= What you need to do =
The pictures stay out; all of the data is to be printed exactly.

[Short web captions]
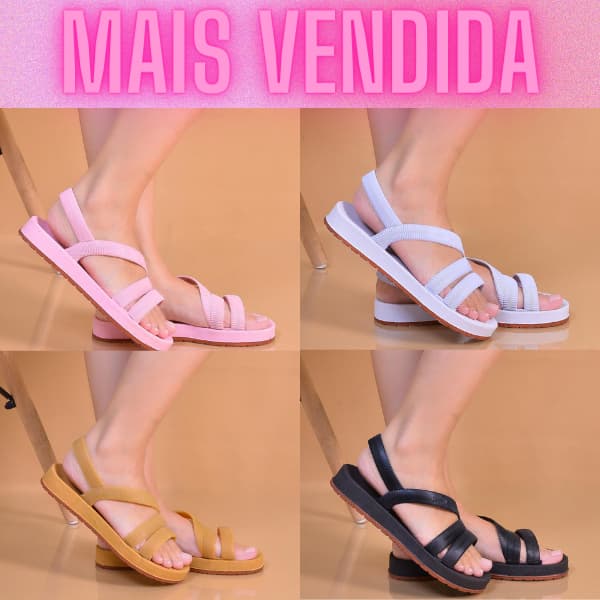 Papete Sandália Feminina Linda Macia e Confortável Formato Anatômico Antiderrapante Várias Cores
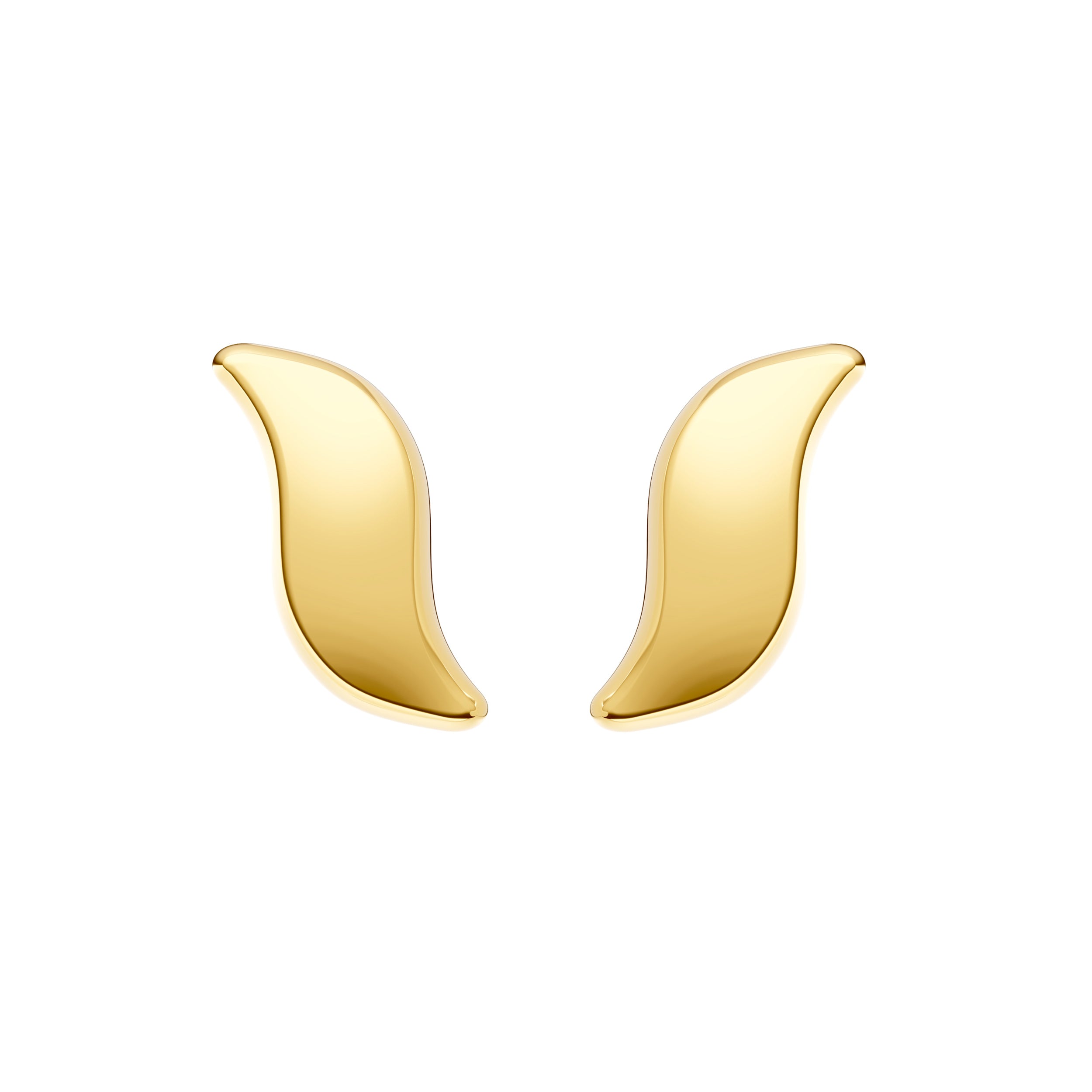 14K Yellow Gold Wavy Stud Earrings Birmingham Jewelry Earrings Birmingham Jewelry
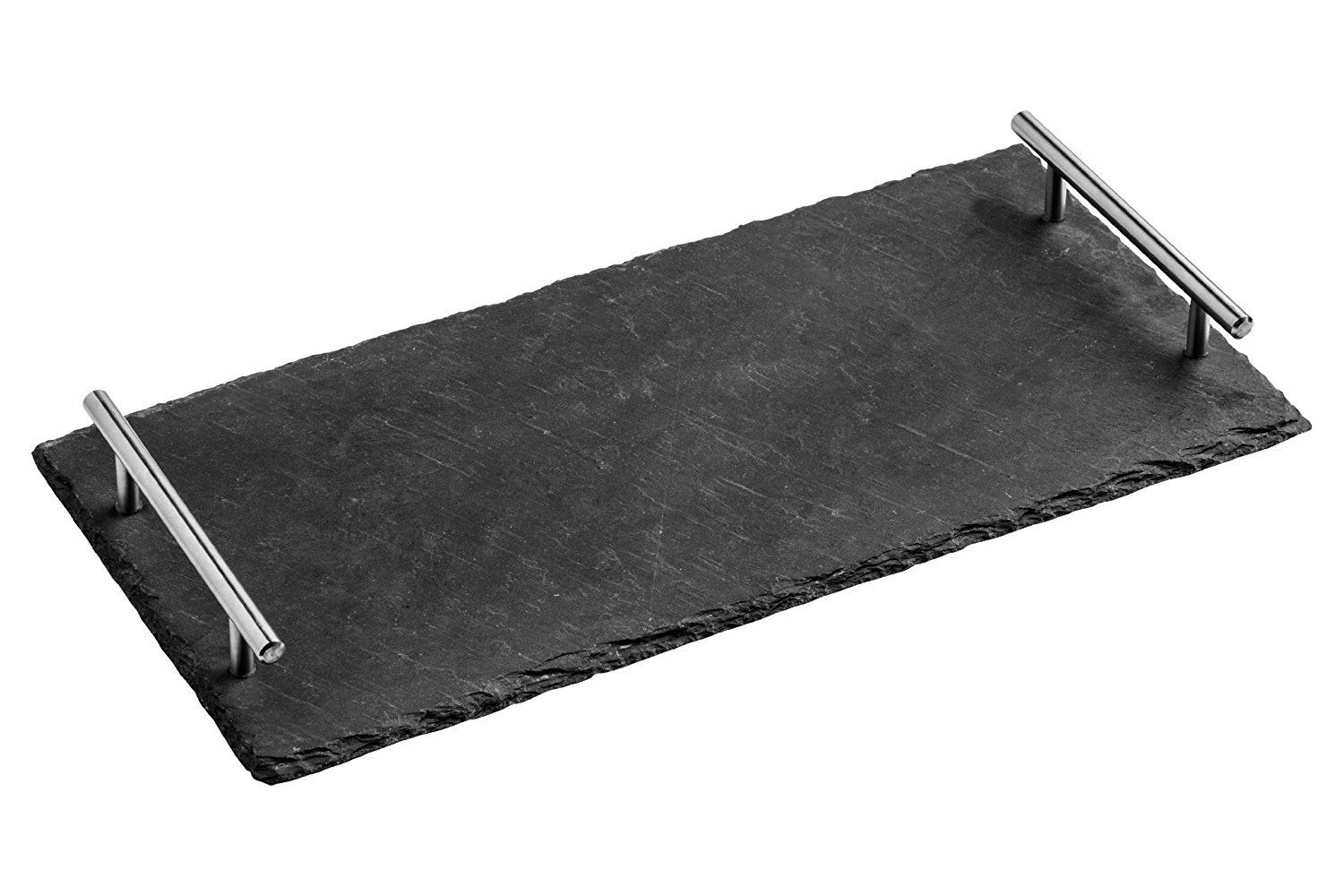 Orsina Elegant Slate Tray With Stainless Steel HandlesDurable Grey Slate TrayStainless Steel Handles Grey Tray from B&Q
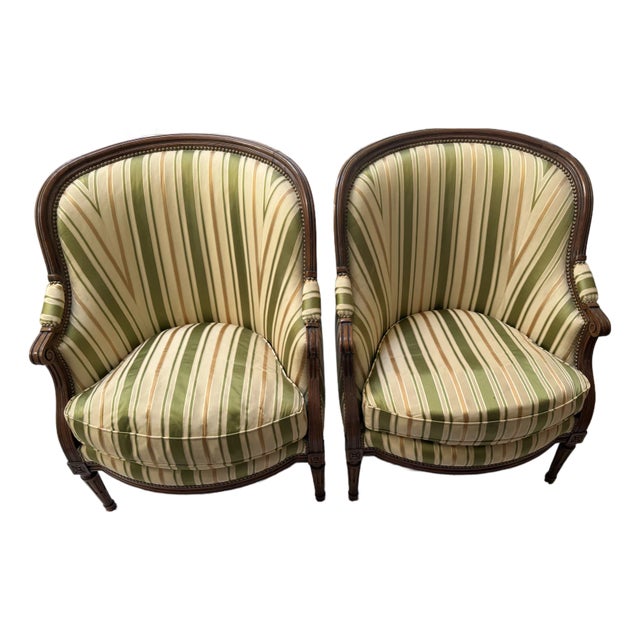 Louis XVI Style Pair of French Bergeres For Sale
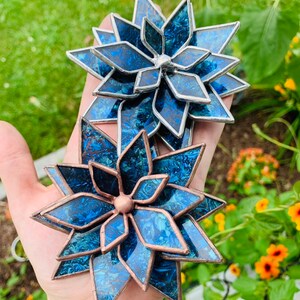 Blau/Blaugrüne Van Gogh Glas Sukkulente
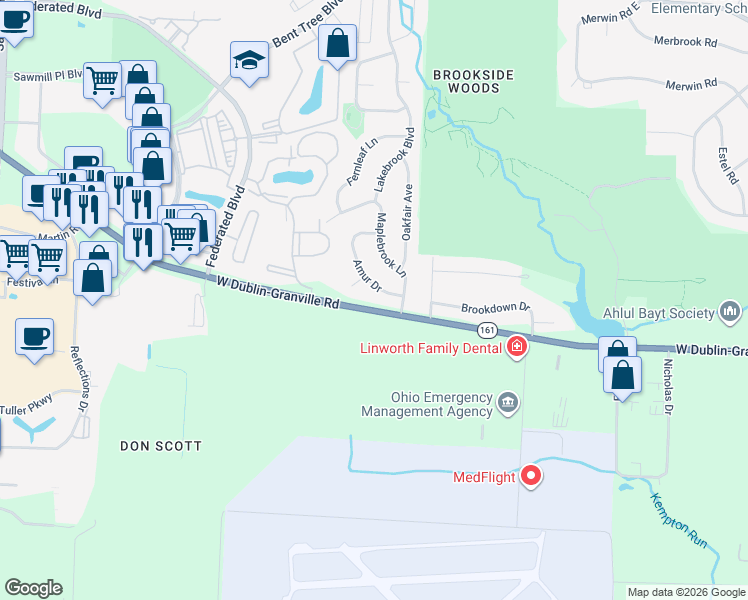 map of restaurants, bars, coffee shops, grocery stores, and more near 2239 Plane Tree Court in Columbus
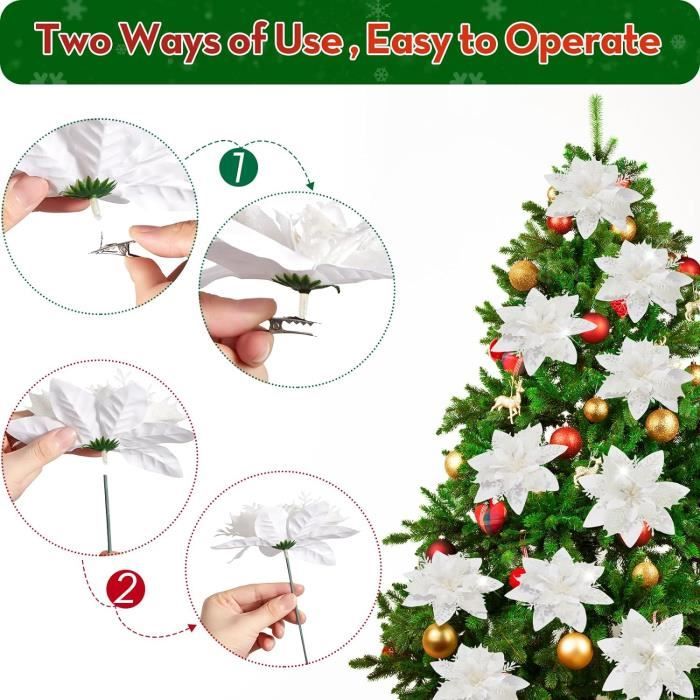 Ensemble De 10 Fleurs Artificielles De Poinsettia Scintillantes Pour Décoration De Noël Parfaites Pour Sapin Et Couronne G 601099589681890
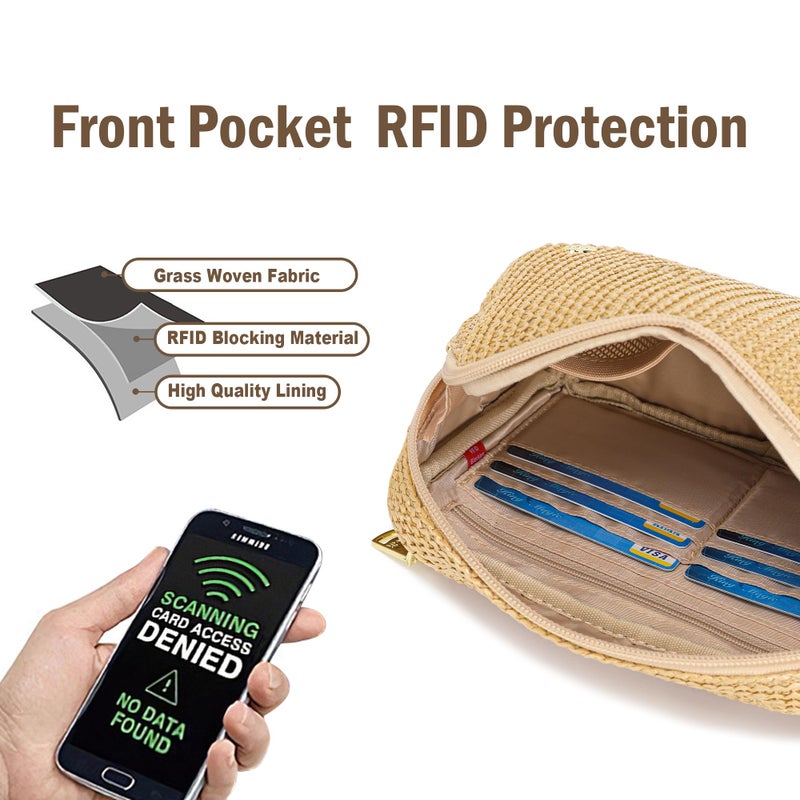 INICAT Faux Straw Belt Bag Summer Purses Beach Crossbody Fanny Pack Waist Women Travel Vacation Essentials RFID - Image 3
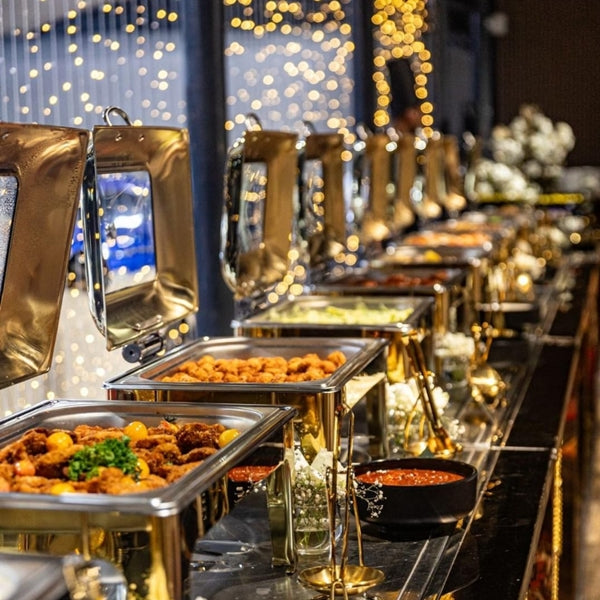 Corporate event catering with organized food arrangements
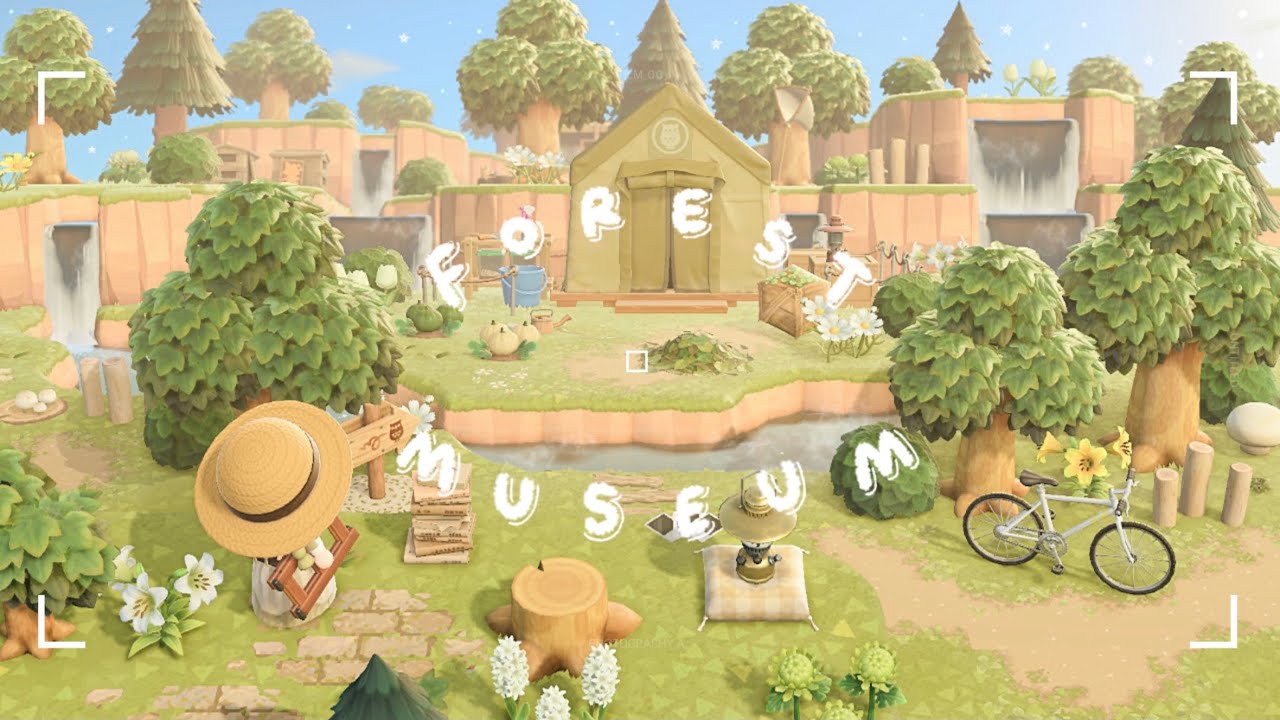 あつ森｜滝に囲まれた森の中の博物館🦉🌳｜遠景島クリエイト｜ACNH 🕰🤍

= Response area =
 Papete Sandália Feminina Linda Macia e Confortável Formato Anatômico Antiderrapante Várias Cores
 14K Yellow Gold Wavy Stud Earrings Birmingham Jewelry Earrings Birmingham Jewelry
 Orsina Elegant Slate Tray With Stainless Steel HandlesDurable Grey Slate TrayStainless Steel Handles Grey Tray from B&Q
 Louis XVI Style Pair of French Bergeres For Sale
 Blau/Blaugrüne Van Gogh Glas Sukkulente
 map of restaurants, bars, coffee shops, grocery stores, and more near 2239 Plane Tree Court in Columbus
 Ensemble De 10 Fleurs Artificielles De Poinsettia Scintillantes Pour Décoration De Noël Parfaites Pour Sapin Et Couronne G 601099589681890
 INICAT Faux Straw Belt Bag Summer Purses Beach Crossbody Fanny Pack Waist Women Travel Vacation Essentials RFID - Image 3
 Corporate event catering with organized food arrangements
 あつ森｜滝に囲まれた森の中の博物館🦉🌳｜遠景島クリエイト｜ACNH 🕰🤍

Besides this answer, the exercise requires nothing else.